A new discovery about the effects of aging in our cells could allow doctors to cure or prevent diabetes, fatty liver disease and other metabolic diseases – and possibly even turn back the clock on aging itself.
The new finding from the University of Virginia School of Medicine suggests that fatty liver disease and other unwanted effects of aging may be the result of our cells’ nuclei – the compartment containing our DNA – getting wrinkly. Those wrinkles appear to prevent our genes from functioning properly, the UVA researchers found.
There’s no wrinkle cream for nuclear membranes, but there is a tantalizing possibility: We might use viruses to smooth the membranes’ surfaces – and restore the cells to functioning as they did in the glow of youth.

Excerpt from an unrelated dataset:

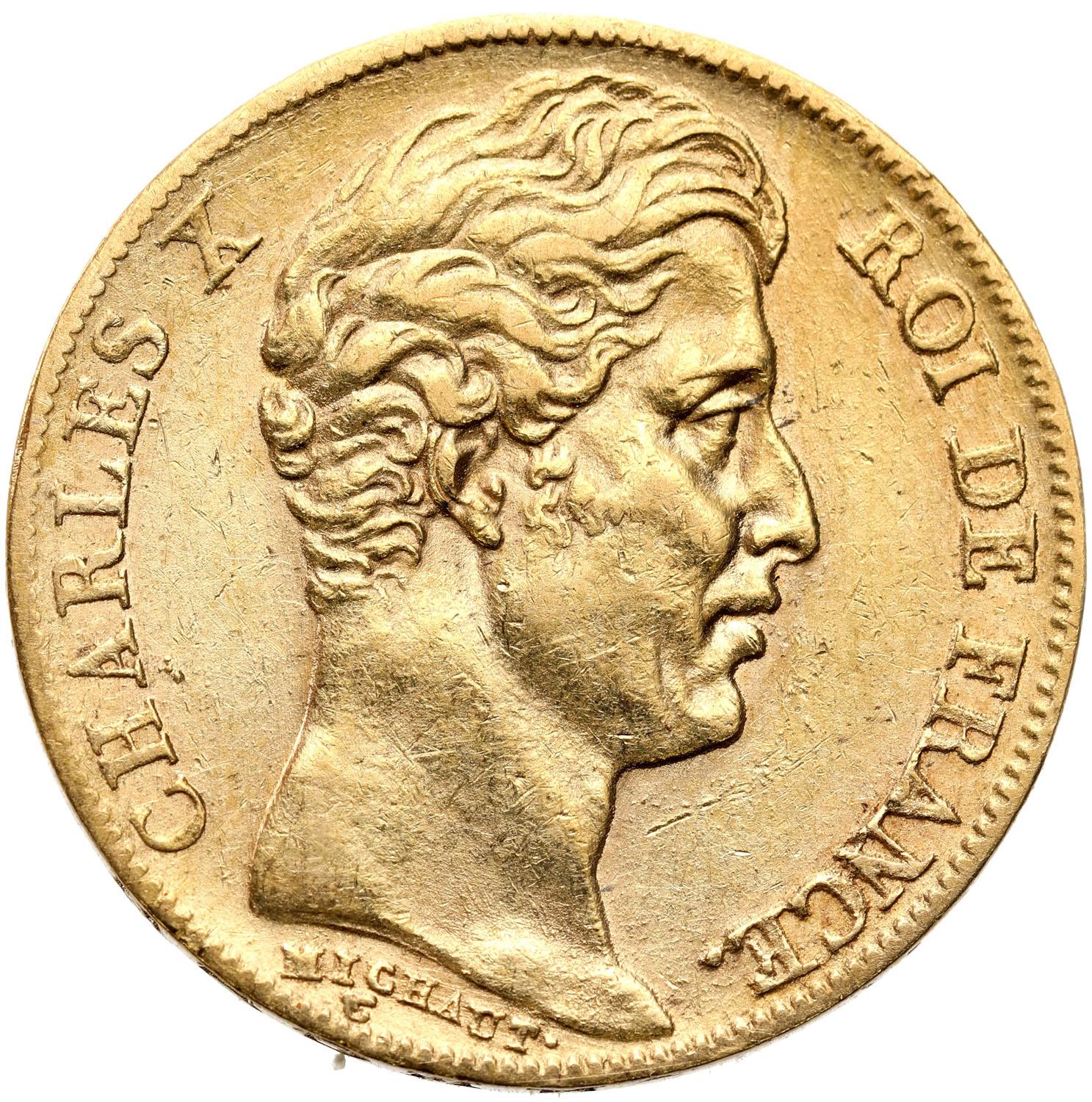 Francja. Karol X 20 franków 1827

The new discovery from the lab of Irina M. Bochkis of UVA’s Department of Pharmacology shows that the location of our DNA inside the cell’s nucleus is critically important. Genes that are turned off are shoved up against the nuclear membrane, which encases the nucleus. But with age, our nuclear membranes become lumpy and irregular, and that prevents genes from turning off appropriately.
“We have the same DNA in every single cell, but each cell is different,” Bochkis explained. “So how does that work? Well, actually, certain genes need to be on in the liver and they have to be turned off in the brain, for example, and vice versa. If they’re not turned off appropriately, then you have problems.”
Looking at a model of fatty liver disease, Bochkis found that our livers become studded with fat as we age because of the wrinkly nuclear membranes. “When your nuclear membrane is no longer functioning properly, it can release the DNA that’s supposed to be turned off,” she said. “So then your little liver cell becomes a little fat cell.”
The accumulation of fat inside the liver can cause serious health effects, increasing the risk of type 2 diabetes and cardiovascular disease, even potentially leading to death. “The liver can end up looking like Swiss cheese,” Bochkis said.
The membrane wrinkling stems from a lack of a substance called lamin, a cellular protein that comes in various forms. By putting the appropriate lamin back, we might smooth out the membrane, like Retinol helps smooth face wrinkles.
Getting it there is the challenge. But Bochkis has an idea: We could use viruses to deliver the shipment. Scientists are already modifying viruses for beneficial medical purposes, and it would be particularly easy to get a modified virus to the liver because of the organ’s role in detoxifying the body.
And if it works? “You’re going to have normal cells – normal, healthy cells – and they will appropriately express the genes that should be expressed and … you’re going to eradicate the stuff that shouldn’t be there,” she said.
Bochkis suspects the wrinkling of the nuclear membrane is responsible for unwanted effects of aging in other parts of the body as well.
“Every time I give this talk to colleagues, they say, ‘Well, do you think this is a universal mechanism?’” she said. “In my opinion, I think it is.”
Bochkis and her colleagues have published their findings in the scientific journal Aging Cell. The research team consisted of Holly Whitton, Larry N. Singh, Marissa A. Patrick, Andrew J. Price, Fernando G. Osorio, Carlos López-Otín and Bochkis. Patrick and Price, both undergraduate students at UVA, were essential in analyzing next-generation sequencing data for the project.
The work was supported by the National Institutes of Health’s National Institute of Diabetes and Digestive and Kidney Diseases, grant DK-101633; the European Union (ERC Advanced Grant, DeAge); Spain’s Ministerio de Economía y Competitividad; Spain’s Instituto de Salud Carlos III (Feder, Ciberonc); and the Fundación Bancaria Caja de Ahorros de Asturias.